Given data:
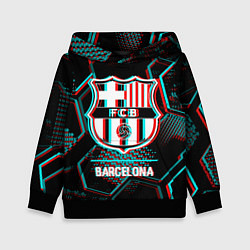 Детская толстовка Barcelona FC в стиле Glitch на темном фоне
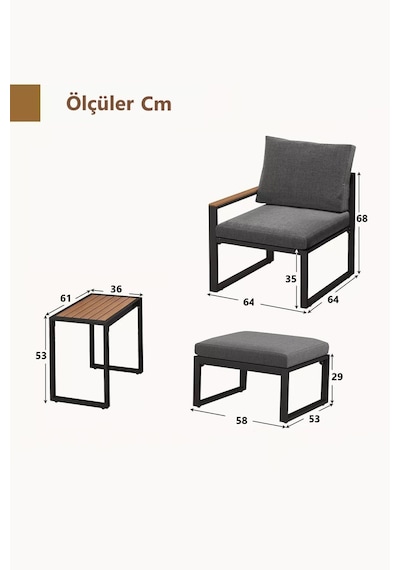 Kagu 5 Parça Metal Çerçeve Outdoor Multilounge Bahçe Balkon Mobilya,uzanma Koyu Gri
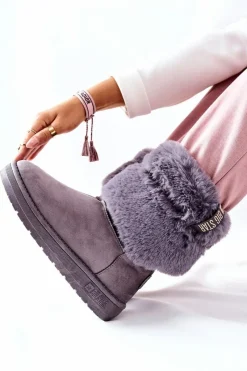 Śniegowce Damskie>Big Star Shoes Damskie Śniegowce Big Star II274128 Szare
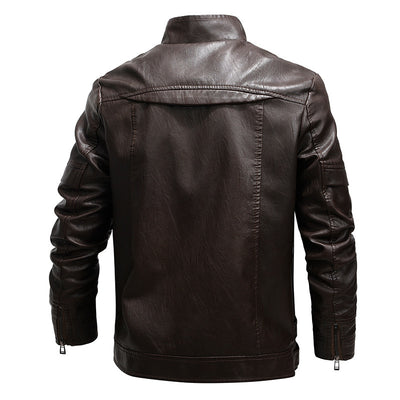 Abrigo de Cuero Suelto con Solapas para Hombre - Image 11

Task description:
Leaving the pictures aside, transcribe only the lines from the one containing "Kagu 5 Parça" to the final line of the listing above, inclusive, exactly as they appear.

Exercise solution:
 Kagu 5 Parça Metal Çerçeve Outdoor Multilounge Bahçe Balkon Mobilya,uzanma Koyu Gri
 Śniegowce Damskie>Big Star Shoes Damskie Śniegowce Big Star II274128 Szare
 Abrigo de Cuero Suelto con Solapas para Hombre - Image 11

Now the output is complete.